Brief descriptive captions
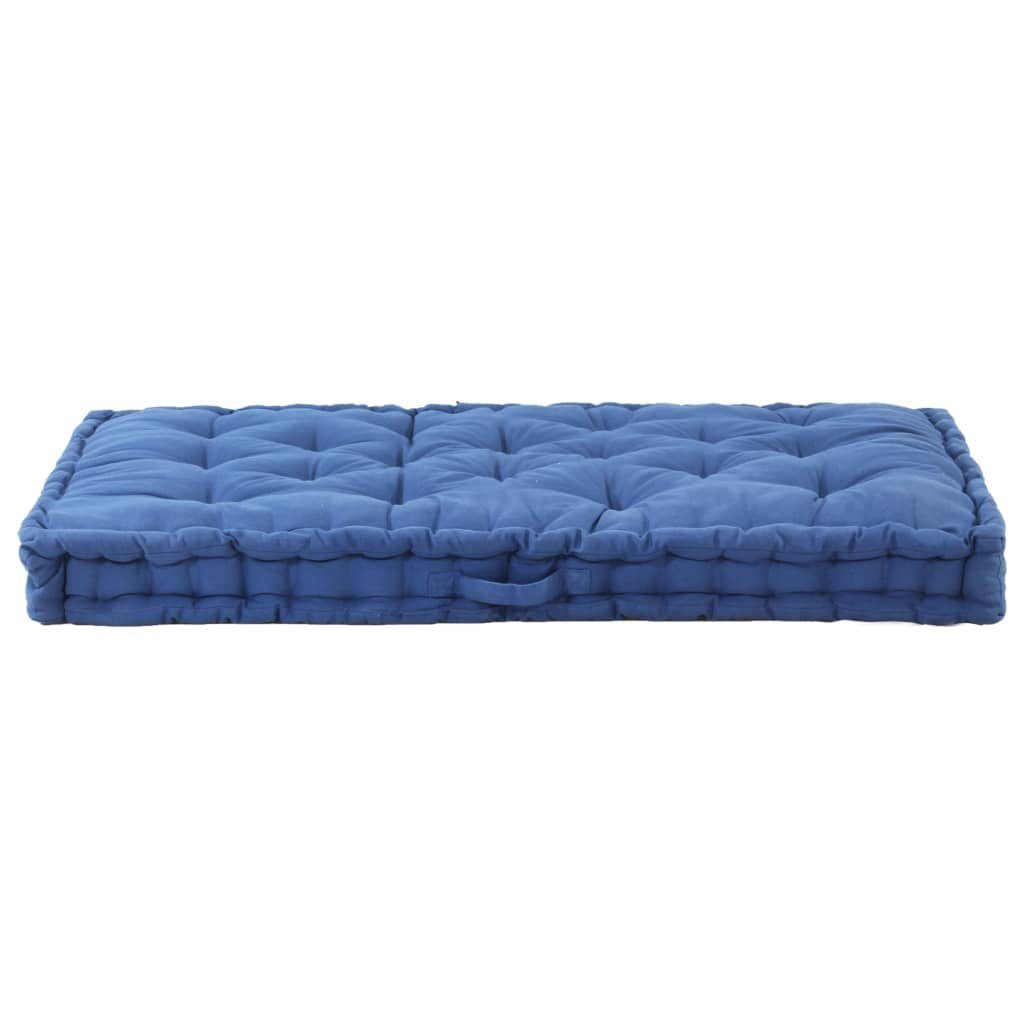 vidaXL Sitzauflage Palettenkissen Baumwolle 120×80×10 cm günstig online kaufen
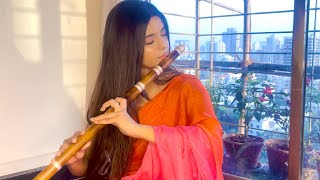 Kesariya - Arijit Singh | Flute Cover by Siddhi Prasanna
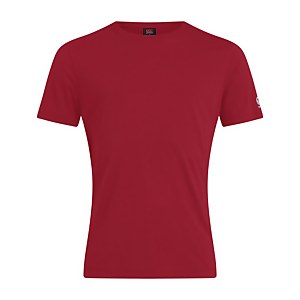 WOMENS CLUB PLAIN TEE RED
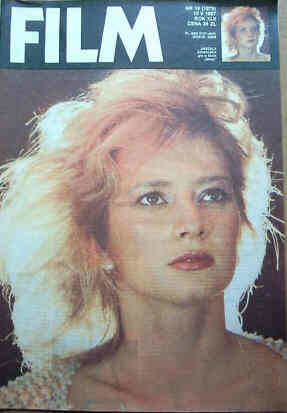 FILM (Po) magazine side cover 10 May 1987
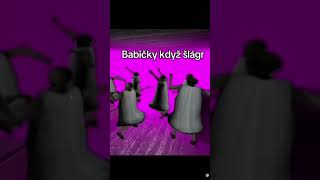 babičky když šklágr #babickajenejvic #slagr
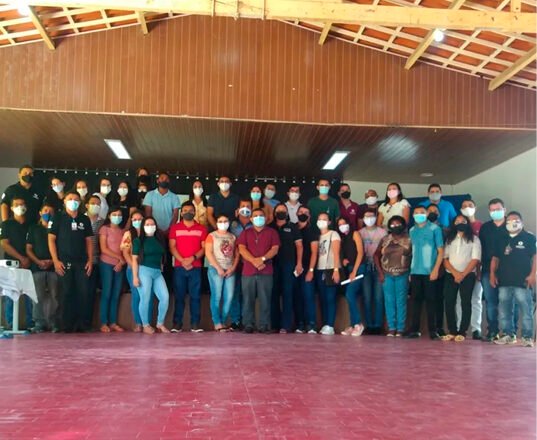 Encontro Diocesano da PASCOM reúne a Região Episcopal Vale do Acaraú em Cruz para reunião presencial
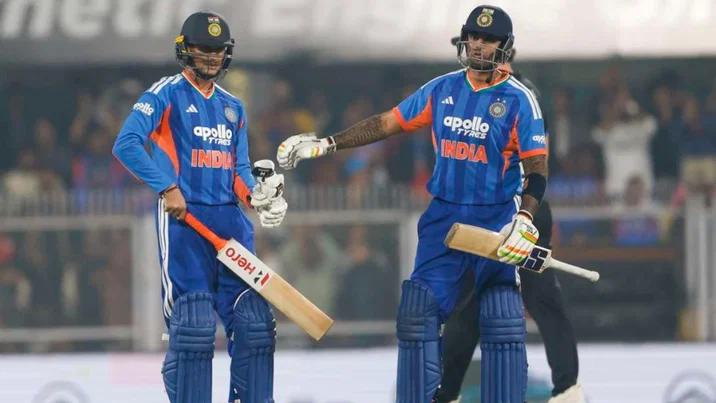 Abhishek Sharma and Suryakumar Yadav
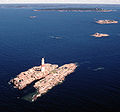 Image 15A light house on Jussarö (from List of islands of Finland)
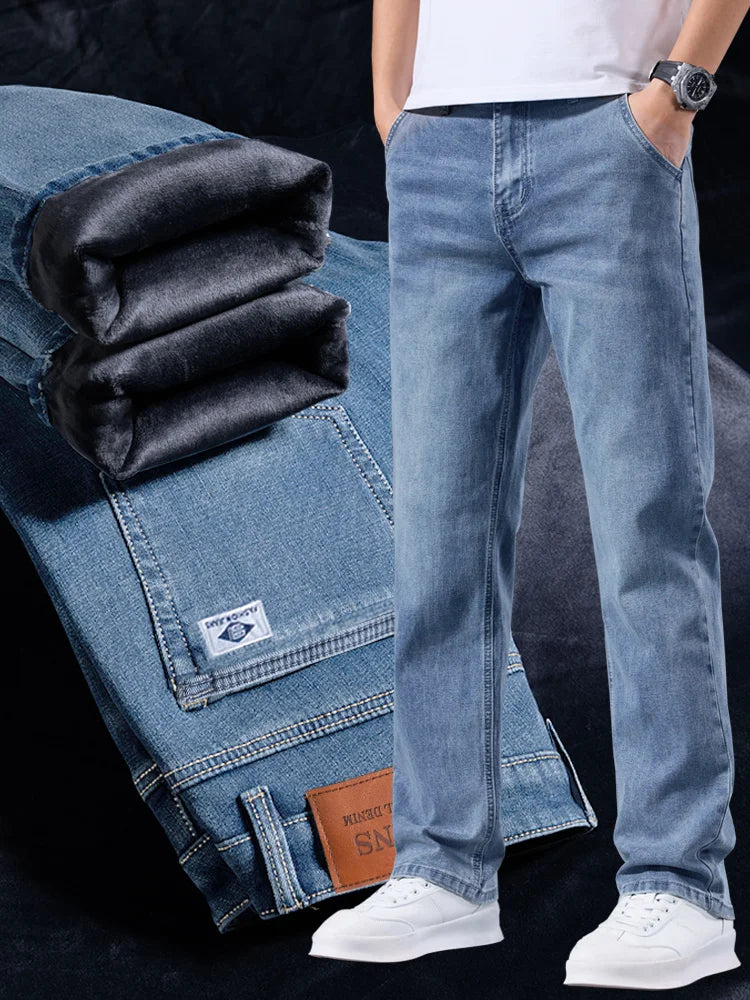 Jeans masculino de Alto Padrão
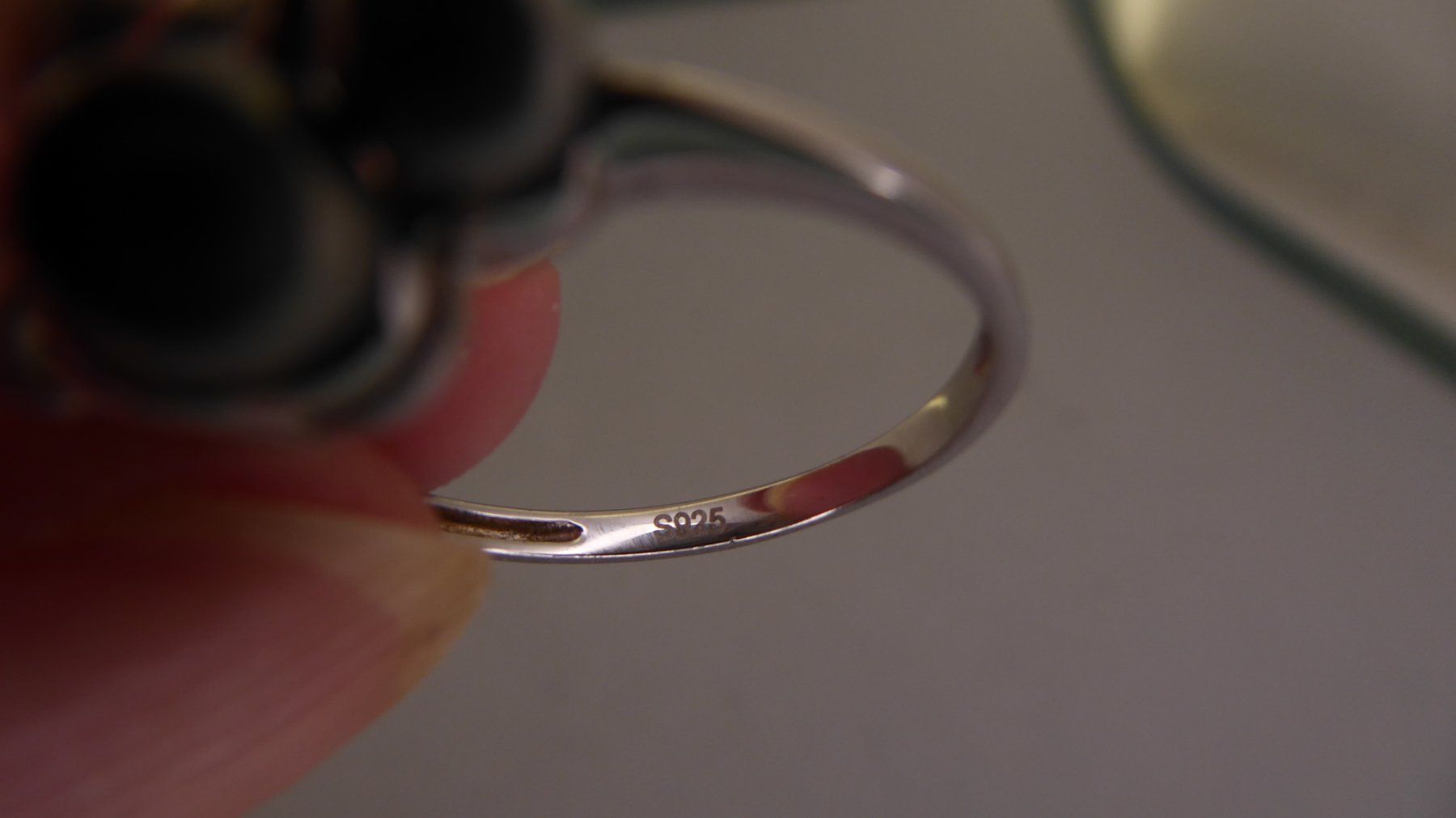 Anelli: Ring 925 Silber mit synthetischem Perlen – Usato da Muri AG venduto da Lineli2020 4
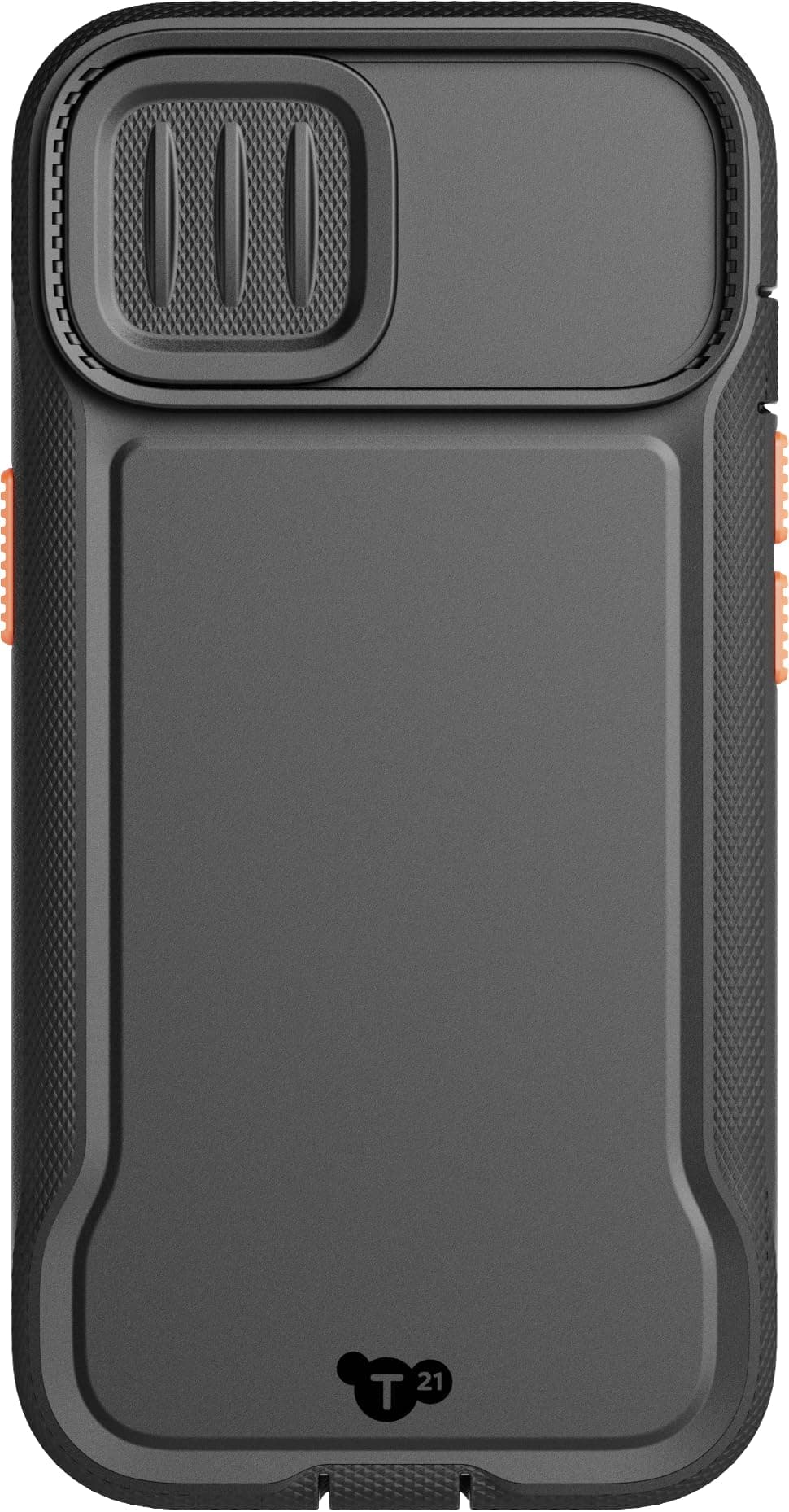 Хибриден удароустойчив кейс с MagSafe за iPhone 15 Pro - Tech21 EvoMax Magnetic Hybrid Case (черен)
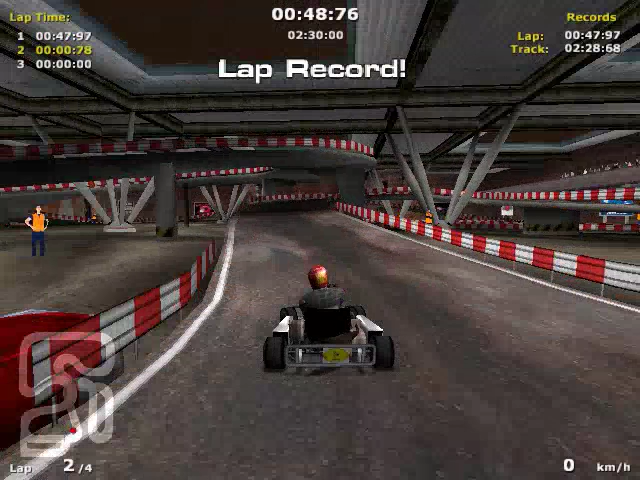 Michael Schumacher Racing World Kart 2002 Microsoft Windows PC CD-PC Gamez USA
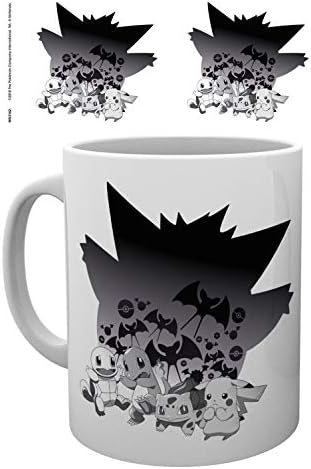 Amazon Co Jp セット ポケモン ハロウィン スターター 写真 コーヒーマグカップ 4x3インチ 1art1 サプライズステッカー ホーム キッチン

What is required:
Produce an exact copy of the lines from the line containing "WOMENS CLUB PLAIN TEE RED" through the last line of the records, with no pictures and no other text.

Result of the task:
 WOMENS CLUB PLAIN TEE RED
 FILM (Po) magazine side cover 10 May 1987
 babičky když šklágr #babickajenejvic #slagr
 Encontro Diocesano da PASCOM reúne a Região Episcopal Vale do Acaraú em Cruz para reunião presencial
 Abhishek Sharma and Suryakumar Yadav
 Image 15A light house on Jussarö (from List of islands of Finland)
 Jeans masculino de Alto Padrão
 Anelli: Ring 925 Silber mit synthetischem Perlen – Usato da Muri AG venduto da Lineli2020 4
 Хибриден удароустойчив кейс с MagSafe за iPhone 15 Pro - Tech21 EvoMax Magnetic Hybrid Case (черен)
 Michael Schumacher Racing World Kart 2002 Microsoft Windows PC CD-PC Gamez USA
 Amazon Co Jp セット ポケモン ハロウィン スターター 写真 コーヒーマグカップ 4x3インチ 1art1 サプライズステッカー ホーム キッチン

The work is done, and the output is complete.